Savannah hung up. The Tank rumbled and bucked down the highway. Helen felt sick and dizzy, but she wasn’t sure if it was the lurching car or . . . She saw Debbie again, her blond hair twisted around her white neck. Debbie had used her beauty as a weapon. It didn’t save her this time.
Debbie was dead.
And I stepped over her body, wiped my fingerprints off her door, and left her to rot. What’s wrong with me? How could I be so cold?
Helen remembered Debbie in the parking lot, flipping her long hair, flirting with the dazzled cook, driving home in her purple jellybean of a car. She was young, silly and sure she could conquer the world—at least the male half.
Like Laredo. And now Debbie was dead. Like Laredo.
A single tear splashed in Helen’s lap. She tried to hold the others back. She didn’t want to cry, but she couldn’t stop.
“What’s wrong?” Savannah said.
“Debbie’s dead and it’s our fault.” Helen wiped her eyes with her palms and sniffled back more tears. “She was afraid to tell us anything. She said, ‘They’ll hurt me. They’ll hurt me bad.’ If we hadn’t forced Debbie to talk, she’d still be alive. We’ve blundered around and killed another person.”

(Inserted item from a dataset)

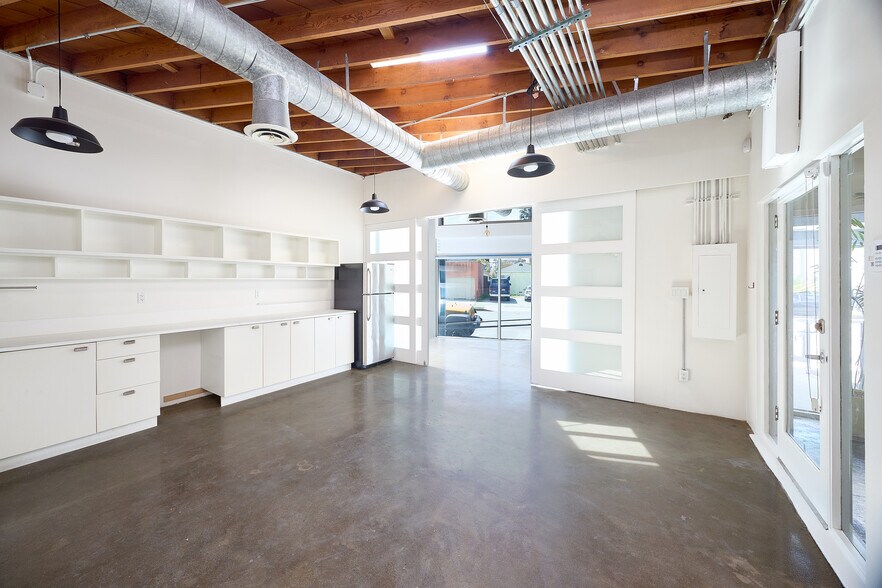 More Photos Of 1733-1737 Abbot Kinney Blvd, Venice Storefront Retail Office For Lease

“Excuse me? We’ve killed another person? Where are you getting that crap?”
“I heard a woman being strangled. Now I’ve seen one.”
Savannah turned on her angrily. “You didn’t hear a woman being killed. Yo
u heard my little sister Laredo die. She had blond hair and the sweetest smile you ever saw. She wanted to be a famous actress and she had a part in a real Shakespeare play. Now she’s dead and I can’t even find her body to bury her.”
The Tank died at a light, and Savannah smashed her foot down on the gas until the car shot forward, belching smoke.
“You want to know why I can’t find her? Because Debbie told the police Laredo took off. She took a thousand dollars to say that.
“I’m sorry Debbie’s dead, but she made her mistake when she lied about my sister. I didn’t kill her and you didn’t, either. Debbie’s own greed killed her.”
Savannah was so upset she ran a light and nearly hit a delivery truck. There was a rousing chorus of honks punctuated by one-fingered salutes, then a long silence.
“Who do you think killed her?” Helen said. “Hank Asporth?”
“He’s the most likely candidate,” Savannah said. “But why did Debbie say ‘They’ll hurt me’? Why not ‘He’ll hurt me’?”
“You think he’s working with someone else?”
“I don’t know. We need to get in touch with this Kristi. She knows something. But I’m fresh out of ideas.”
“I’ll call Steve and see if he needs a bartender,” Helen said.
“You’re going to tend bar topless? Nice lady like you? You’ll be too embarrassed.”
“I’m beyond embarrassment,” Helen said. “I’m a telemarketer.”
Chapter 12
It was only two thirty in the afternoon when Savannah dropped Helen off at the Coronado. It seemed much later. Time had slipped sideways in Debbie’s apartment. Helen felt oddly boneless. And she was tired, so very tired. She had to get some sleep before she went to work, or she’d never stay awake tonight. Helen set her alarm for four o’clock.
As soon as she crawled under the covers, Helen was wide awake. She saw the dead Debbie, her long hair twisted cruelly around her neck. Helen could not picture her as a blond beauty anymore. Debbie was a bloated face and a bruised neck, a bedroom nightmare.
She rolled over on her back and stared at the ceiling. Maybe she should go see Margery. Her landlady would make a screwdriver that would knock the nightmares out of her head. But she would also tell Helen to quit telemarketing. Look where it got her: working with junkies and bikers and listening to murders.